Antitesi del Verdone simpaticissimo è Fabrizio Bracconeri, che appare irritante e insopportabile: perlomeno essere irritante e insopportabile come attore era un conto perché non faceva danni, come invece fa adesso spacciandosi per politicante con dei deliri allucinanti. Per Christian De Sica e Michele Mirabella invece piccole apparizioni senza lasciare traccia, un po' come quella di Jimmy Il Fenomeno.

Voto: 7

Nemiche amiche: melodrammone prolisso

La Hollywood di plastica e delle facili emozioni perfettamente enfatizzata in questo polpettone indigesto.


Nemiche amiche è uno di quei tipici film di Hollywood che danno la totale sensazione di essere preconfezionati a tavolino per cercare la via del comodo melodramma, lasciando invece solamente un amaro retrogusto di plastica e dimostrando di essere prodotti senza anima.
Si cercano tutte le vie possibili (il bimbo che si rompe la gamba, il cancro della madre, ecc) per cercare la lacrimuccia facile, ma il lavoro di fondo è mediocre, con la psicologia dei personaggi (e non solo quella dei bambini, che per la maggior parte del film appaiono insopportabilmente petulanti) che cambia come niente da una scena all'altra senza apparente motivazione: un momento si chiariscono, quello dopo pronti di nuovo a scannarsi, "così de botto senza senso" come direbbero gli sceneggiatori di Boris.
Magari un prodotto del genere può anche essere aprezzato da un certo pubblico di bocca buona (quello pronto a commuoversi con la tv del dolore o con i reality), ma per tutti gli altri la profondità inesistente dei dialoghi e tutti questi mezzucci pseudo-drammatici portano unicamente alla frustrazione.

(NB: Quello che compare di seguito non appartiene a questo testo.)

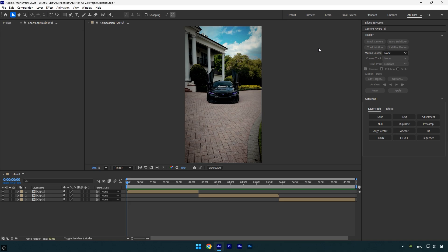Now let's move on to the new buttons many of you requested. I've added five new tools to the panel: null, duplicate, pre-comp, fit, and sequence. You already know what most of these buttons do since we all use them daily, but the sequence button might be new to some of you because it's actually a little hidden AE trick.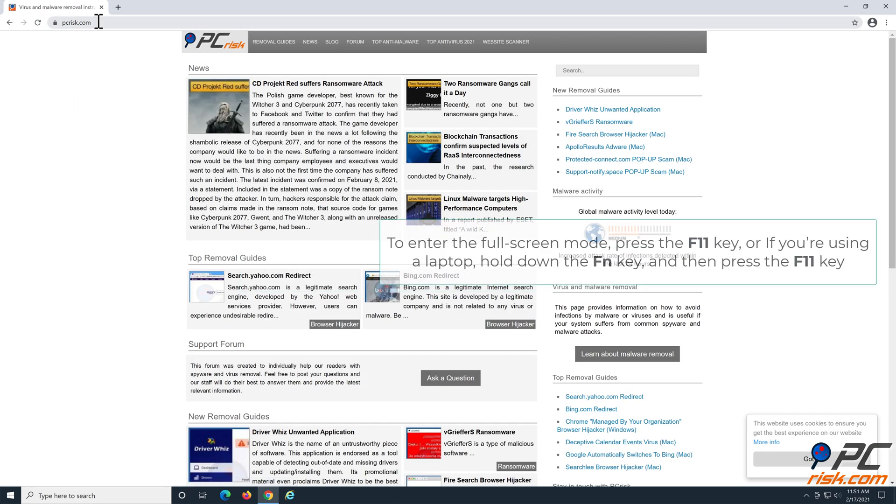To enter the fullscreen mode, press the F11 key. Or if you're using a laptop, hold down the Fn key and then press the F11 key.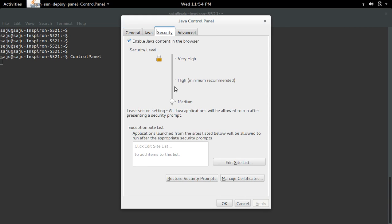First, we need to set the security level to medium. Then in the exception site list, we need to add the location we copied.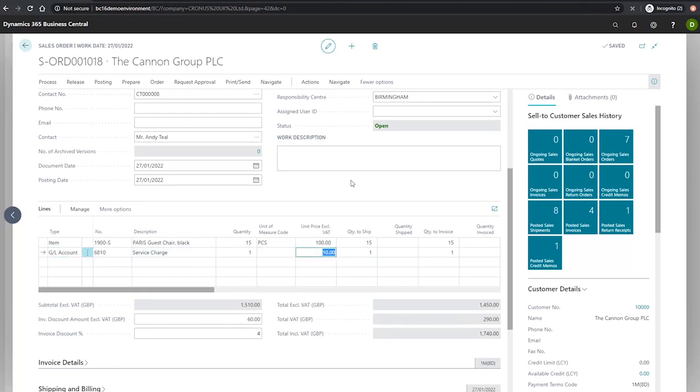With this all set up, we can then move on to invoicing this as necessary.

In tutto ciò Ed Harris (che apparentemente è il volto perfetto per l'ipocrita americano medio) ci sguazza perfettamente, così come in regia il nome perfetto è quello di Chris Columbus, mestierante che è quasi specializzato in questi film fatti alla buona.
Si vorrebbe salvare la professionalità delle due protagoniste, che è l'unico motivo per cui il film non crolla totalmente, ma Susan Sarandon (peraltro probabilmente alla performance recitativa peggiore della illustre carriera) e Julia Roberts sono non solo i volti di questo filmaccio ma ne sono anche artefici essendone produttori esecutivi.

E allora via, due ore e passa di melassa insopportabile che fanno rimpiangere il fatto che la Sarandon e la Roberts non fossero state realmente nemiche: magari se avessero continuamente litigato durante la produzione di questo film, non ci saremmo sorbiti questo polpettone indigesto.